Holding:       The Second Department held that under New York’s usury law—General Obligations Law § 5-501—lenders cannot charge more than a specified amount of interest on loans. A usury defense to a loan’s enforceability in a civil action typically doesn’t apply to corporate borrowers, except when the loan is alleged to be criminally usurious (interest rate more than 25%). And the usury law provides that a usury defense is not available when the principal of the loan is more than $2.5 million. Here, the Court held that the usury defense was not available to the defendants here, because the loan principal was more than $2.5 million, even with subtractions for “the portion of the loan that was used to cover closing fees, attorney fees, and taxes.” Thus, Supreme Court properly denied the motion to dismiss.

Appellate Division, Third Department

Matter of Clean Air Coalition of W. N.Y., Inc. v New York State Pub. Serv. Commission, 2024 NY Slip Op 01233 (3d Dept Mar. 7, 2024)

Administrative Law, Climate Leadership and Community Protection Act

Issue: Can an administrative determination be unripe for judicial review and a challenge to that determination be moot at the same time?

Facts: In early 2021, Digihost International, Inc. sought to acquire the entire interest in Fortistar North Tonawanda, LLC from North Tonawanda Holdings, LLC, including ownership in a natural gas-fired cogeneration facility located in the City of North Tonawanda, Niagara County, and to use the power to operate a cryptocurrency mining operation next door. Fortistar and Digihost petitioned the Public Service Commission, seeking a declaratory ruling that the proposed transaction did not require further review under Public Service Law §§ 70 and 83 or, alternatively, that the PSC approve the transaction by finding it in the public interest under those statutes. Petitioners filed comments with the PSC, which criticized the environmental impacts of allowing Digihost to use the facility for the mining of cryptocurrency and argued that the transaction undermined the emission reduction objectives of the New York State Climate Leadership and Community Protection Act. The PSC granted Digihost and Fortistar’s petition, finding that the proposed transaction did not require further PSC review and that the petitioners’ environmental concerns were outside of the limited scope of the proceeding.  Petitioners then filed an Article 78 and declaratory judgment proceeding, arguing that “that the PSC unlawfully ignored the requirement of sections 7 (2) and (3) of the CLCPA to consider the impact on the environment and disadvantaged communities when it reviewed the proposed transaction.”  The PSC and the crypto respondents moved to dismiss, with the PSC arguing that its ruling wasn’t ripe for review because a petition for rehearing had been filed and was pending and the crypto respondents arguing that the proceeding was moot because the transaction had been closed.
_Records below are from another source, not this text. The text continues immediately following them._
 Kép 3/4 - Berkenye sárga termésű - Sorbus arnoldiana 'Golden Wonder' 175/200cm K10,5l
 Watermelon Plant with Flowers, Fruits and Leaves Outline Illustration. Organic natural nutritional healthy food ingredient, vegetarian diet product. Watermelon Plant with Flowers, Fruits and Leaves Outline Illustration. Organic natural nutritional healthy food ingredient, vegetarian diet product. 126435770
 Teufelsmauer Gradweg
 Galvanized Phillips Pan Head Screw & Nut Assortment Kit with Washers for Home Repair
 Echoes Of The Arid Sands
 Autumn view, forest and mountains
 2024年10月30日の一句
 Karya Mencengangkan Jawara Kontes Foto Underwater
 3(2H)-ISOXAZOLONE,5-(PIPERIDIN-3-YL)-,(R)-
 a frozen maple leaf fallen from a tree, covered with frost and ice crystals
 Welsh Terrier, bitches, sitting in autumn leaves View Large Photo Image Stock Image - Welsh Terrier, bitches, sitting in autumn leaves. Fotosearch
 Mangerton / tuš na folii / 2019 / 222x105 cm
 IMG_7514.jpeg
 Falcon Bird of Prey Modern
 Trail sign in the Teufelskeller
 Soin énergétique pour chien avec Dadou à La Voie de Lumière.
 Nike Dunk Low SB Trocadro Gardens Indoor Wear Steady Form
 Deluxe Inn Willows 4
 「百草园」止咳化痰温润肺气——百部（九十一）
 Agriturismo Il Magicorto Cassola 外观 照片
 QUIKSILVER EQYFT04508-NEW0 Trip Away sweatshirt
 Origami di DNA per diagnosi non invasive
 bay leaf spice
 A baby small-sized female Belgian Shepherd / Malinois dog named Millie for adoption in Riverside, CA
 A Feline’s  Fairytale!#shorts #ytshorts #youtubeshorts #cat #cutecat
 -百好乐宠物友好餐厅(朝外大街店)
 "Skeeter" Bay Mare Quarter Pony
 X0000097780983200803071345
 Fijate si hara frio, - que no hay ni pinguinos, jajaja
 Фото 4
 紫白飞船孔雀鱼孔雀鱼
Supreme Court granted the PSC’s motion, holding that the proceeding wasn’t ripe.

Holding:       The Third Department held that the petition for rehearing did not affect the ripeness of the PSC declaratory ruling, because “the explicit language of State Administrative Procedure Act § 204 did not allow the PSC to modify its initial ruling with respect to its immediate applicability to petitioners and the crypto respondents regardless of its determination on reconsideration.” Accordingly, the Court held, “the September 2022 declaratory ruling issued by the PSC is quasi-judicial in nature and, at the moment it was issued, was accorded the same conclusiveness that attaches to judicial judgments, thus rendering it ripe for review.” The Court then rejected the crypto respondents’ argument that the proceeding was moot because the transaction had closed.  Rather, the Court held, because the specific relief that petitioners requested was for the PSC to consider what the CLCPA requires to be considered, and “potential relief short of completely unwinding the transaction” may be available, including the imposition of environmental mitigation measures, the proceeding was not moot.  Since Supreme Court did not address the merits of the petitioners’ challenge under the CLCPA, the Third Department remanded for further proceedings on the merits of the proceeding.